IS THIS REALLY THE AGE OF COMMUNICATION?
By Andrew L. Urban


In the Golden Globe nominated Up In The Air, which opens in Australia this week, George Clooney plays Ryan Bingham whose story reflects “how we live now, in an intersecting moment of technological advances and communication breakdowns,” says filmmaker Jason Reitman. “I saw it as a story about a guy who has to deal with the fact that, even though he thinks his life is complete, he’s been ignoring something very important, which is the responsibility to be part of something larger,” says Reitman. “Ryan Bingham is so scared off by the burdens of joining a community that he’s been missing out on the value of that.”

"exploring as a society"

He continues: “It’s something I think we’re exploring as a society right now. We’re all using our cell phones and twittering and texting and it seems as if we are more connected than ever – while, in reality, people don’t look each other in the eye much anymore, and we have fewer real relationships.”

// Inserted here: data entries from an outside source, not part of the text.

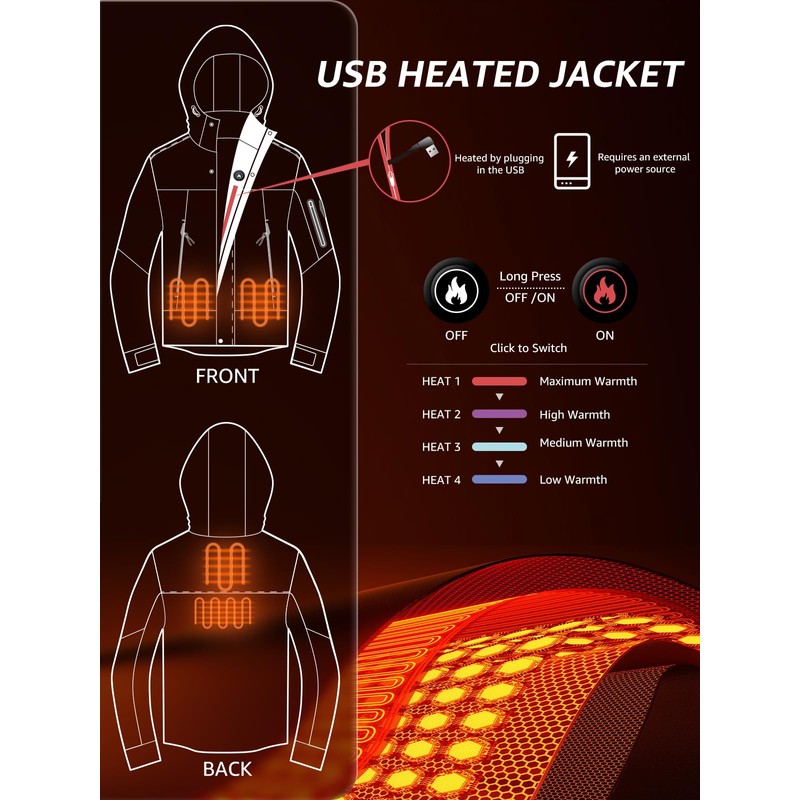 Jsslaik Men's Performance Insulated Jacket with 4D Smart Heating Windproof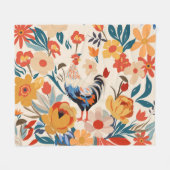 Whimsical kleurrijke kip bloemige achtergrond fleece deken (Voorkant (Horizontaal))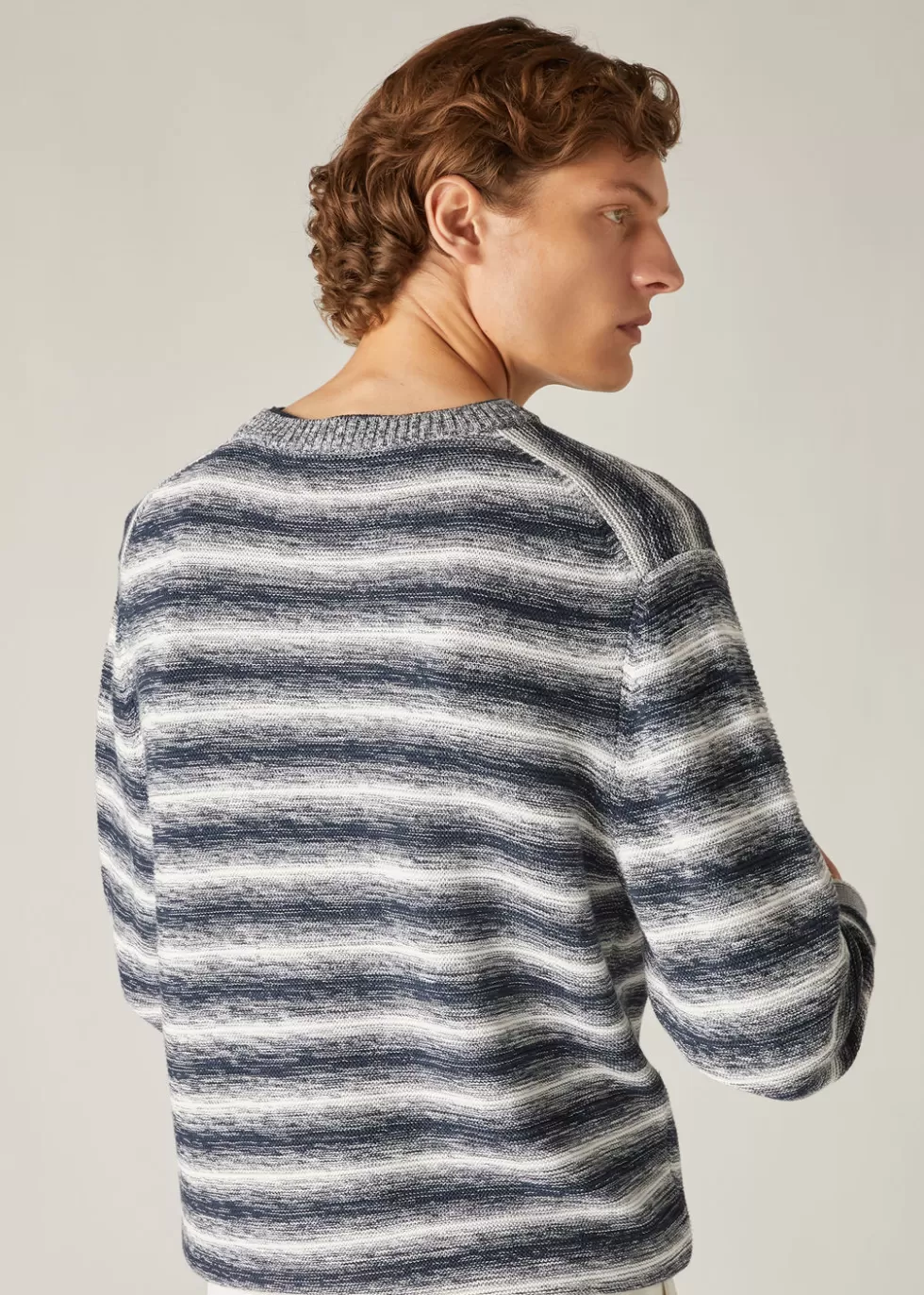 Knitwear*Loro Piana Vernazza Crew Neck White/Dark Sea Mouline'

That aspect of the film’s subtext is even more relevant to Western society today than Reitman suggests. While the film raises the subject of interpersonal communication and the sense of community that physical communication develops between us, it also touches on the disaster zone that is corporate communications. With all the new tools of communication, most companies have harnessed their powers to take the place of employees.

Of all the major companies we (at Urban Cinefile) deal with, only insurer AAMI has a real human to answer the phone, offering to put us through to the right person for our query. Even the so-called communication companies have failed the communication test; telcos are notorious for multi layer voice menus that don’t cover every eventuality and put the onus of selection on its customers. So it is us the customers, who are doing the work that their staff should be doing. It is us the customers, who are obliged to contact each separate department to do what a single customer service officer should be doing.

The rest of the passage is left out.